The following interview was written in collaboration with Food, Fitness & Fiction.
Gwenda Bond provided a fresh new voice in the YA genre with her novel Lois Lane: Fallout, and now she returns with the next novel in her series: Lois Lane: Double Down. Her portrayal of Lois Lane is incredibly refreshing and will provide DC Comic fans of all ages with a new look at the iconic character. With plenty of action, mystery, and suspense, readers are sure to enjoy Bond’s latest.
What inspired you to write a spin-off series on the original Lois Lane?
I was lucky enough to be approached about this idea, and it was really just a concept. I immediately saw the potential in the idea and how cool it could be.
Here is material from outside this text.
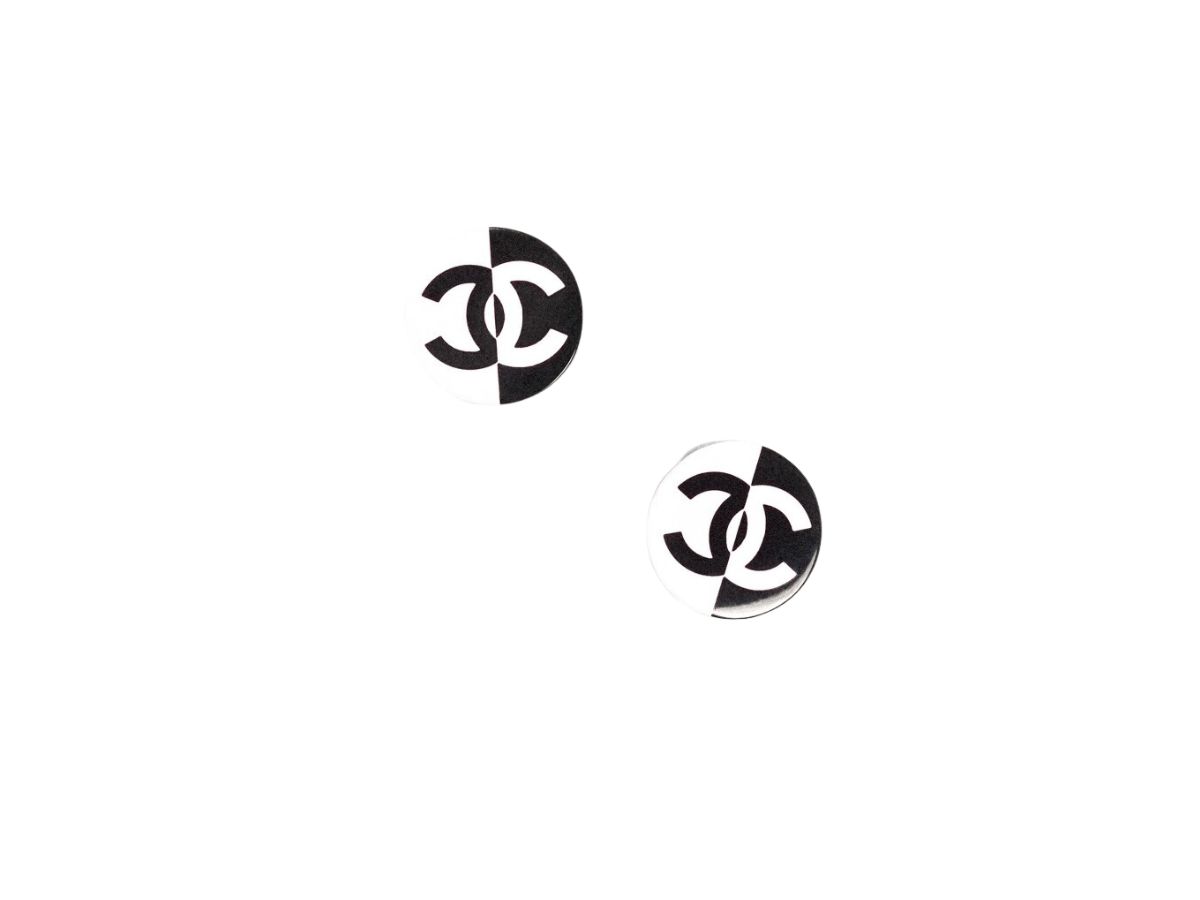 https://d2cva83hdk3bwc.cloudfront.net/chanel-circle-stud-earrings-black-white-1.jpg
Honestly, it was a dream project, and I would never have had the guts to do it on my own. I kind of always jokingly say, “I feel like this is the job I have been training for my whole life.”
Have you been a longtime fan of DC COMICS, or are you new to the company and their characters?
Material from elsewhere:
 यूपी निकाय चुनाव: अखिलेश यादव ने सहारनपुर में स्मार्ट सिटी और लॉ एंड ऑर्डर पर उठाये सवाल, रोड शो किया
I grew up reading comics, and I mostly had my Betty, Veronica, and Archie, and then my brother got the super hero comics and I would steal them from him. I read Marvel and DC; I was more drawn to those characters after I saw the original Superman movie as a kid. Lois Lane in that movie was a big influence for me. I was a comic nerd from way back.
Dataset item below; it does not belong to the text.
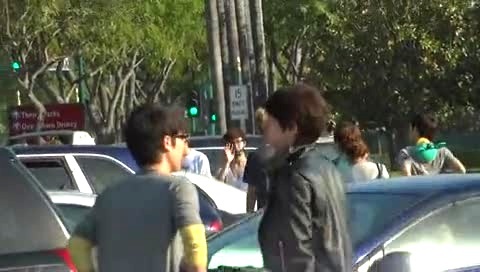 EXO Walking And Waiting For Their Van At Disneyland 饭拍版 12/05/19-EXO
If given the choice to have one superpower, what would you choose?
I always say teleportation because I hate flying and I have the worst luck with airports. I just feel like it would be super convenient. Just think, teleportation could get you out of anything.
How were you able to place yourself in the head of such an iconic DC character while making her your own?
First off, when you come to a charter like that, [you have to realize that] she’s been such an influence for so many generations, [but you also] have people that hate her. You come at this kind of character with all that weight of expectations. I did revisit key versions of her, but at the end of the day, you have to make that character your own.
If you weren’t writing, what would you be doing career-wise?
I always say, “I think I would make a really good heiress or a super rich person.” I don’t know if that’s a career, like a trust fund baby. I think I would be really great at that; if there are any wealthy people who want to give a lot of money to someone, they could give it to me. HAHA.
Did you always want to be a writer?
Yes. I was that obnoxious five year old that was like, “I’m gonna be a writer.” My parents were both educators, and I was always able to visit the library, even in the winter and summer when school was closed. I was always reading because there wasn’t much else to do in our town.
What advice do you have for future writers who want to write young adult literature?
Read everything and write what you want. Be prepared to take criticism to get better, but also make sure you’re surrounding yourself (and listening to) people who want you to write and want to make you better. You don’t need anyone’s permission to tell your stories.